Rabin, Weizman, commander of the armored corps Yisrael Tal and their colleagues created a different IDF in 1967 than in 1956. In 1956, the Israeli army operated with lots of infantry, with help from two powers, against one Arab front and managed to win because of a combat command headquarters that ignored the outdated military doctrines of then-chief of staff Moshe Dayan.
In 1967, the IDF fought alone on three Arab fronts and managed to win as a result of the force, structure and doctrine of the air force-armored corps. Weizman could have commanded that army, without Dayan above him, and won, if he had exploited the opportunity to act as chief of staff in May 1967, with Rabin's collapse. He also lost the opportunity to succeed Rabin at the end of the war: Bar Lev was brought back, though the generals, and not just the politicians of the Labor Alignment, preferred him as chief of staff.

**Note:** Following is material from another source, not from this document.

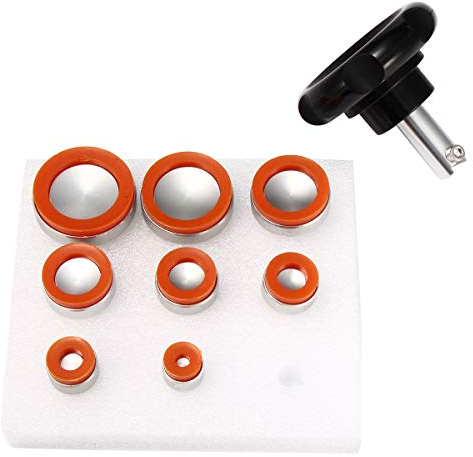 MJJEsports Montre Ouvre-Boîte Avec 8Pcs Sucettes D’Aspiration Outils Réparation Pour Les Cas De Vis Arrière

His third hour was in Menachem Begin's government. If he sat there quietly, obediently, having learned his lesson after the clash between them in Golda Meir's cabinet, when Begin refused to accept UN Security Council Resolution 242, he could have become head of the Likud - and avoided the Lebanon war. Yitzhak Shamir, who opposed the peace with Egypt, progressed quietly while the peace supporter, Weizman, in the wake of Dayan, quit with a supersonic boom.
Four years later, Shamir was prime minister and offered Weizman half a kingdom and a chance to gain the crown, but Weizman preferred the moderate policies of Shimon Peres and tilted toward him as the first premier in the rotation.

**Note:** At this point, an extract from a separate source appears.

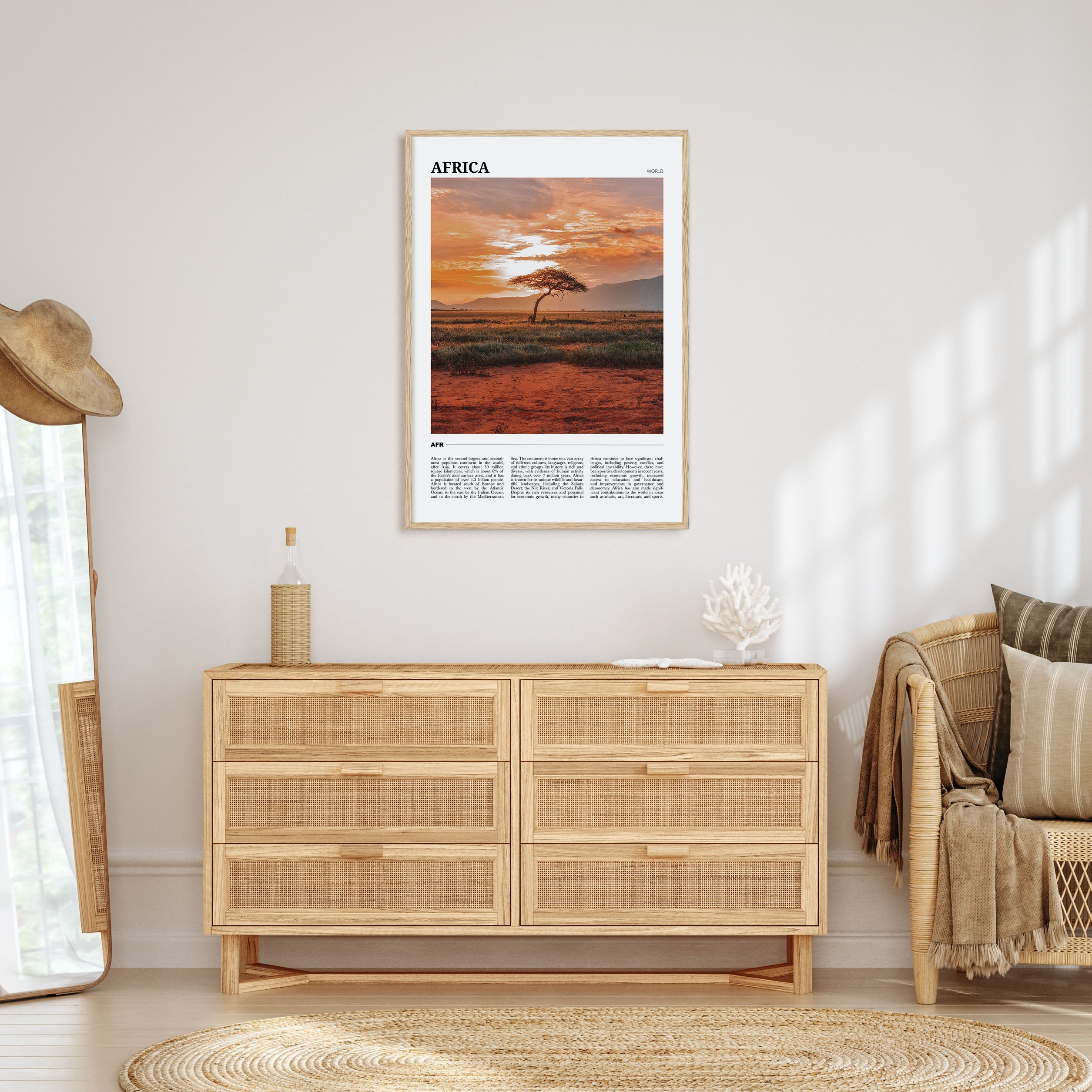 Africa Travel Color Poster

Peres, with Weizman in his pocket, rushed into an alliance with Ariel Sharon. Unlike Sharon, Weizman did not have the patience to slog around in politics for a generation, watching younger people pass him by and then waiting for them in ambush. According to the contemporary definitions of victory, Weizman was less successful than Benjamin Netanyahu and Ehud Barak; but their victories were short-lived, temporary. Weizman's signature will long be seen from a distance.
Politicians who came from the career army - and not merely the Palmah and the war of independence like Yigal Allon - were considered ideological volatile, while actually they were used to updating their positions on the basis of assessments of new data. Dayan, Rabin, Bar Lev, Weizman, Sharon, Barak - ultimately, despite personal differences in style and their ability to maneuver, all gathered into one mainstream that changed the emphasis from the glorification of military power to understanding the limits of its political power.

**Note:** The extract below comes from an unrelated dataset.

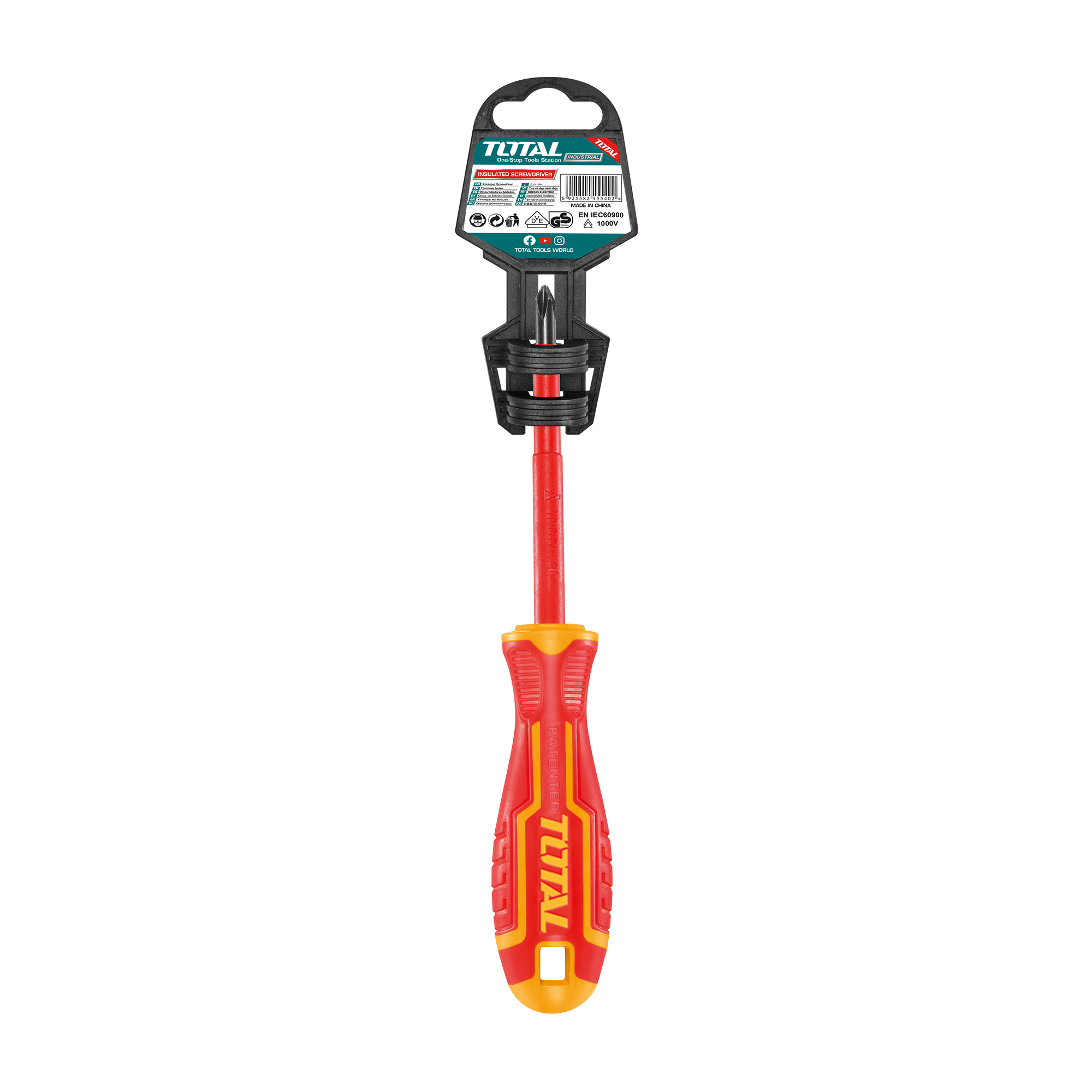 Chave de fendas isolada Phillips THTISPH | PH2 x 100 mm | Cromo-vanádio (Cr-V)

As an aviator and a reader, Weizman was fascinated by the character of his contemporary, Chuck Jaeger, the champion test pilot and the breaker of the sound barrier, who seemingly was left behind when those who followed in his wake became the astronauts so popular with the masses. Both remained romantic individuals in an industrialized, commercialized and technological age. Nobody can take away their victories.